Open harelber opened 1 year ago

harelber commented 1 year ago

Hi Hugo, Regarding Adagio, do you remember how to run the classification process on the extracted graphs? I extracted the graphs using the -f/-p flags. However, there is no documentation how to actually run the train and test of an ML on these graphs. I assume that the common directory holds the functions, but I don't find the sequence. I will be happy if you can add some instructions/script on this matter.

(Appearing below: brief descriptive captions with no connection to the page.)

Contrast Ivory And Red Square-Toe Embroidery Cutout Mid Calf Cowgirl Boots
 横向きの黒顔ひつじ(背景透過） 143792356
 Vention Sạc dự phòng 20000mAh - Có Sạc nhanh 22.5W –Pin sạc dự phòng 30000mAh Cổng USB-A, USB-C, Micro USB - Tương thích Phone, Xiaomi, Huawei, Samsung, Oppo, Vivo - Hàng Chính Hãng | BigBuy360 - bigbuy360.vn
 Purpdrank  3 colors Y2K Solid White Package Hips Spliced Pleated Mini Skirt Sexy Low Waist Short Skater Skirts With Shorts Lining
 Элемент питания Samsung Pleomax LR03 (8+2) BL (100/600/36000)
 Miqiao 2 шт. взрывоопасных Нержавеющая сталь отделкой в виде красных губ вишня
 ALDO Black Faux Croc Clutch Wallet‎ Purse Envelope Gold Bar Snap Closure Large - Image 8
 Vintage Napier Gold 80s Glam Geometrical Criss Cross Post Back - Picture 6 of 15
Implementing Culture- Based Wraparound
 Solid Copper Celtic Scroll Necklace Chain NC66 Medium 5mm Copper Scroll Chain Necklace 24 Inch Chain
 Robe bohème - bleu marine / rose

hgascon commented 1 year ago

Hi @harelber you can instantiate an Analysis object:

In [1]: from adagio.core.analysis import Analysis

In [2]: Analysis?
Init signature:
Analysis(
    dirs,
    labels,
    split,
    max_files=0,
    max_node_size=0,
    precomputed_matrix='',
    y='',
    fnames='',
)
Docstring:      A class to run a classification experiment
Init docstring:
The Analysis class allows to load sets of pickled graoh objects
from different directories where the objects in each directory
belong to different classes. It also provide the methods to run
different types of classification experiments by training and
testing a linear classifier on the feature vectors generated
from the different graph objects.

:dirs: A list with directories including types of files for
    classification e.g. <[MALWARE_DIR, CLEAN_DIR]> or just
    directories with samples from different malware families
:labels: The labels assigned to samples in each directory.
    For example a number or a string.
:split: The percentage of samples used for training (value
    between 0 and 1)
:precomputed_matrix: name of file if a data or kernel matrix
    has already been computed.
:y: If precomputed_matrix is True, a pickled and gzipped list
    of labels must be provided.
:returns: an Analysis object with the dataset as a set of
    properties and several functions to train, test, evaluate
    or run a learning experiment iteratively.

And then run the different experiments in the Analysis class:

In [3]: a = Analysis(...)
[...]
In [4]: a.run_linear_experiment(...)

There are other helping functions in the Analysis class that you can experiment with. Let me know if that works.